### DIRECTIONS
What you return should be only the lines in the entries below between the one holding "A golden ribbon" and the one holding "Cotton Linen Vest", ends included, with every picture left out.

### GIVEN RECORDS
☆ ☆ ☆

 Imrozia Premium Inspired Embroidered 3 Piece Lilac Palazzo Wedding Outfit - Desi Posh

☆ ☆ ☆

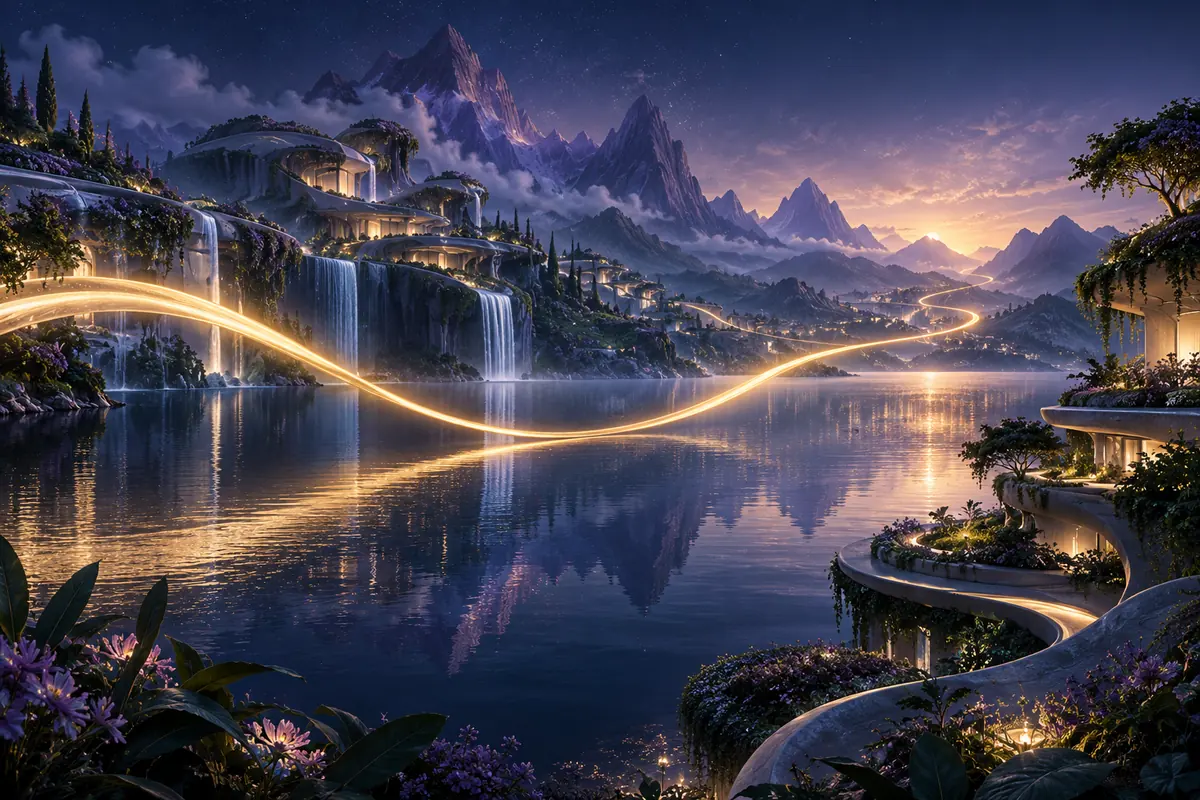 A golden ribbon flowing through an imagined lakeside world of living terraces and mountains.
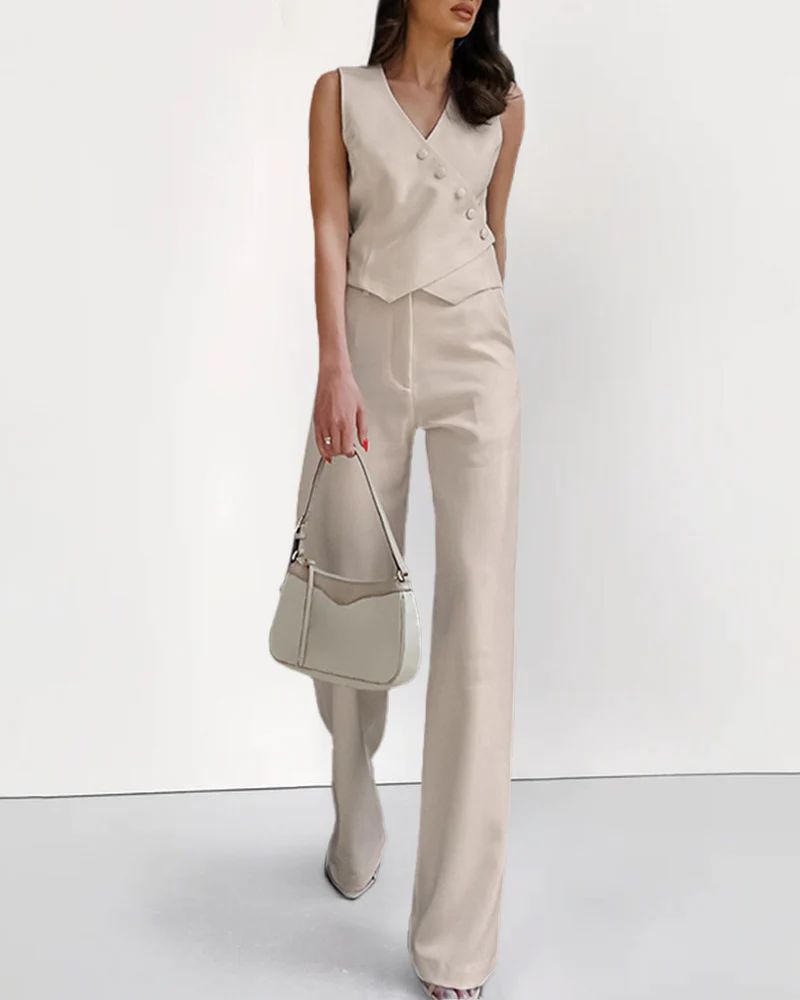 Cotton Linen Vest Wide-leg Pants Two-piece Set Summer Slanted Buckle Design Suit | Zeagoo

☆ ☆ ☆

### RESPONSE
 A golden ribbon flowing through an imagined lakeside world of living terraces and mountains.
 Cotton Linen Vest Wide-leg Pants Two-piece Set Summer Slanted Buckle Design Suit | Zeagoo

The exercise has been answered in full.